Database Scaling & Distributed Data
The hardest component to scale. Master replication, sharding, and the fundamental tradeoffs of distributed data.
Application servers are stateless — you can restart, replace, or scale them freely. Databases are stateful — they hold data that must persist across restarts, be consistent across replicas, and survive hardware failures. This statefulness creates three fundamental challenges:
- Write throughput: A single PostgreSQL instance maxes out at ~10,000 writes/sec on good hardware. If your application generates more, you need multiple write nodes — which introduces consistency problems.
- Data volume: When your dataset exceeds what fits on a single disk (or in RAM for efficient queries), you must partition it across machines.
- Availability: A single database server is a single point of failure. Hardware dies. Disks fail. You need replicas to survive failures.
Replication creates copies of your data on multiple machines. It solves two problems: availability (if one node dies, another has the data) and read scalability (distribute read queries across replicas).
Leader-Follower (Primary-Replica)
The most common replication topology. One node is the leader (primary) — all writes go to it. The leader streams changes to one or more followers (replicas) via the Write-Ahead Log (WAL). Reads can go to any replica.
Synchronous Replication
The leader waits for at least one follower to confirm the write before acknowledging to the client. Guarantees no data loss on leader failure, but increases write latency. PostgreSQL calls this "synchronous_standby_names".
Asynchronous Replication
The leader acknowledges the write immediately and streams changes to followers in the background. Faster writes, but followers may lag behind (replication lag). If the leader dies before replication, those writes are lost.

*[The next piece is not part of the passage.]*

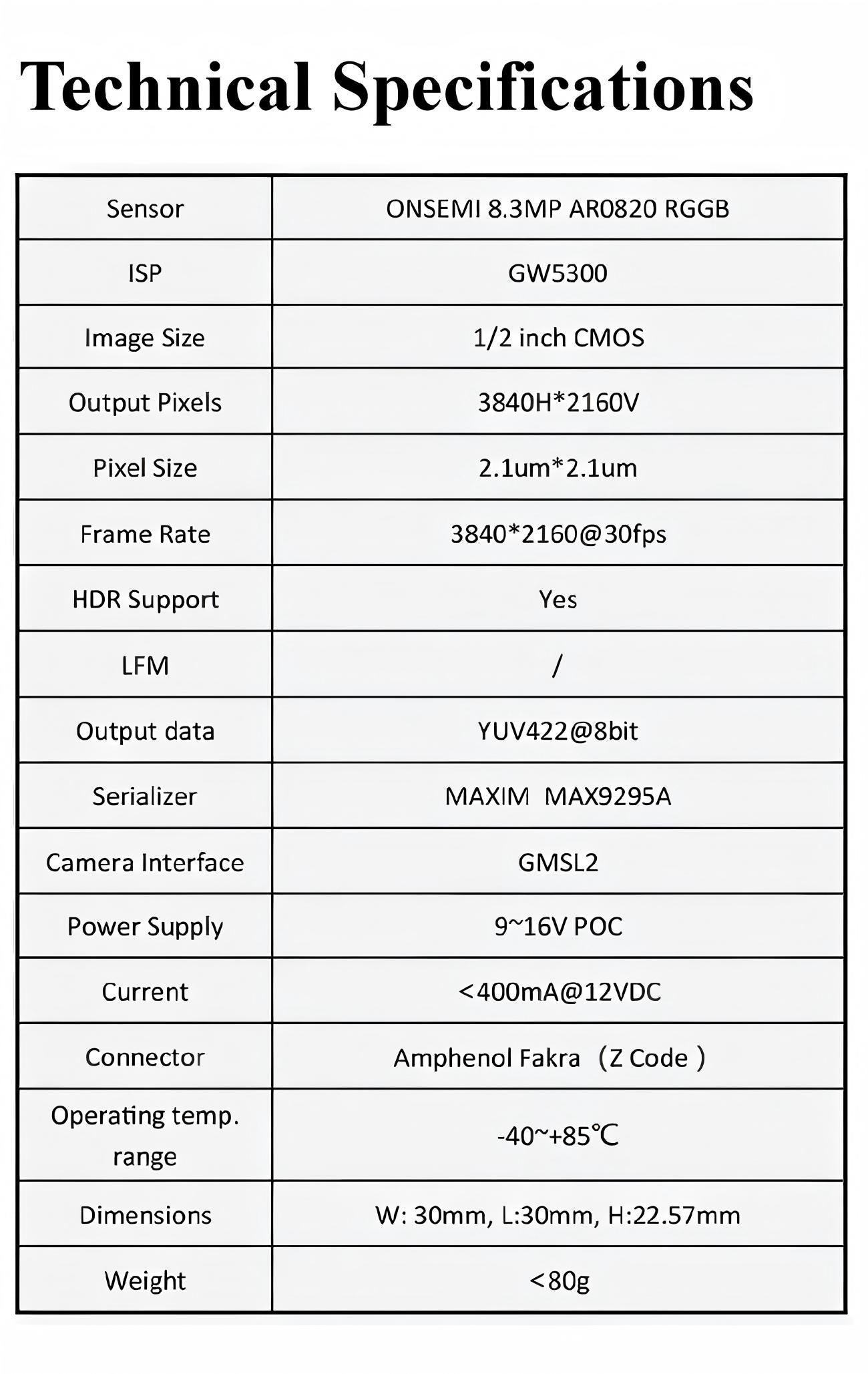 SENSING SG8S-AR0820C-5300-G2A Camera detail image 3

With async replication, a user writes data, then immediately reads it. If the read goes to a lagging replica, the user sees stale data — their change appears to have disappeared. Solutions: read-your-writes consistency (route reads to the leader for data the user recently wrote), monotonic reads (always read from the same replica for a given user), or use semi-synchronous replication (at least one follower is synchronous).
Multi-Leader Replication
For multi-region deployments, having a single leader in one region means all writes from other regions suffer cross-continent latency. Multi-leader (multi-primary) replication allows writes to any of several leaders, which then asynchronously replicate to each other.
The critical challenge: write conflicts. If User A updates their name to "Alice" on Leader 1, and User B updates the same record to "Bob" on Leader 2 simultaneously, which write wins? Conflict resolution strategies:
- Last-Write-Wins (LWW): Use timestamps; the latest write wins. Simple but lossy — silently drops writes.

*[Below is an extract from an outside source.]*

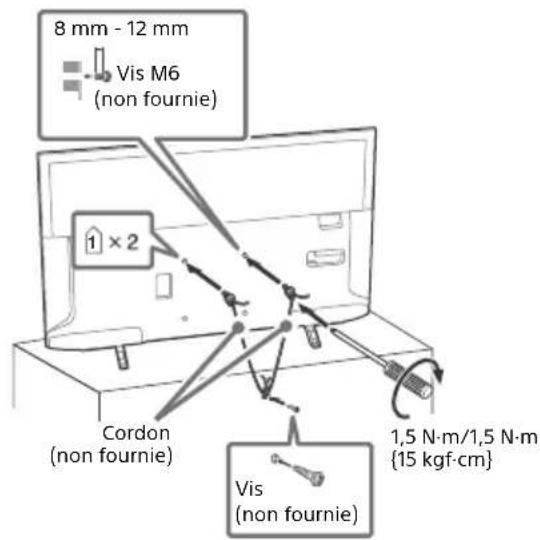SONY Bravia KDL40RE455 - Transport - 2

- Merge: Automatically merge (e.g., CRDT — Conflict-free Replicated Data Types). Works for counters, sets, and specific data structures.
- Application-level resolution: Present both versions to the user and let them resolve manually (like Git merge conflicts).
Leaderless Replication
In leaderless systems (DynamoDB, Cassandra, Riak), the client writes to multiple nodes simultaneously. A write is considered successful when W (write quorum) out of N nodes acknowledge. Reads query R (read quorum) nodes and take the latest value. As long as W + R > N, the client is guaranteed to read the latest write (quorum overlap).
Try It: Replication & Quorums
Visualize quorum reads/writes, adjust W and R values, and see how they affect consistency and availability.
Replication creates copies of the same data. Sharding splits different data across different nodes. Each shard holds a subset of rows, and together they hold the complete dataset. Sharding is necessary when your data is too large for a single machine or when write throughput exceeds what one node can handle.
| Strategy | How It Works | Pros | Cons |
|---|---|---|---|
| Hash-Based | shard = hash(key) % N | Even distribution, simple | Adding shards remaps most keys; range queries impossible |
| Range-Based | Users A-M → Shard 1, N-Z → Shard 2 | Supports range queries, simple lookups | Hotspots if data isn't uniformly distributed |
| Directory-Based | A lookup table maps each key to its shard | Maximum flexibility, easy to rebalance | Directory is a bottleneck and SPOF |
| Geo-Based | US users → US shard, EU → EU shard | Low latency for regional data access | Cross-region queries are expensive |
Choosing the Shard Key
The shard key is the column used to determine which shard a row belongs to. It's the most critical decision in database sharding:
- High cardinality: The key should have many unique values. Sharding by
country(only ~200 values) creates hotspots. Sharding byuser_id(millions of values) distributes evenly. - Query alignment: Most queries should include the shard key. If you shard by
user_idbut often query byorder_date, every query must scatter across all shards (scatter-gather) — killing performance. - Write distribution: Auto-incrementing IDs as shard keys cause all new writes to go to the latest shard (hotspot). Use UUIDs or hash-based keys for even write distribution.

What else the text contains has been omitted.